Levin and Baker’s tenure came as the VA was in the midst of serving thousands of veterans returning from Iraq and Afghanistan and trying to streamline healthcare and disability benefits in the digital age.
Baker, the Commerce Department CIO from 1998 to 2011 and formerly CEO of the IT firm Dataline, said in a memo to colleagues, released by Federal News Radio, that the VA IT team has established “one of the highest performing product delivery organizations in the world” that it “is seen as an investment for the VA rather than an expense.”
[See also: VA CIO affirms commitment to joint EHR.]
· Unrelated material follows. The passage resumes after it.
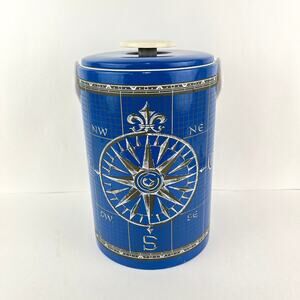 Georges Briard Vintage Nautical Compass Rose Ice Bucket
"Most critically,” Baker wrote, “VA IT has become the backbone for the transformation of the VA into a 21st Century organization.”
As Federal News Radio noted, Baker led the VA’s adoption of mobile devices, tried to improve claims processing and was one of the first Obama Administration CIOs to use a date-based review process to cancel, halt or improve IT projects, with the VA now deliverying 9 out of 10 IT projects on schedule.
Levin, a National Science Foundation Presidential Young Investigator under President George H.W. Bush and a White House Fellow under President Bill Clinton, led the VA’s creation of the Blue Button personal health record technology.
[See also: The VA's hot Blue Button.]
Working in the private sector, Levin co-founded a semiconductor design software company and was formerly a partner at Dusseldorf-based Ventizz Capital Partners. He was instrumental in helping launch VA telehealth programs, using them online and phone communications in veteran suicide prevention programs and for oncology care follow ups.
No word on when Baker and Levin are departing or what they’ll do next.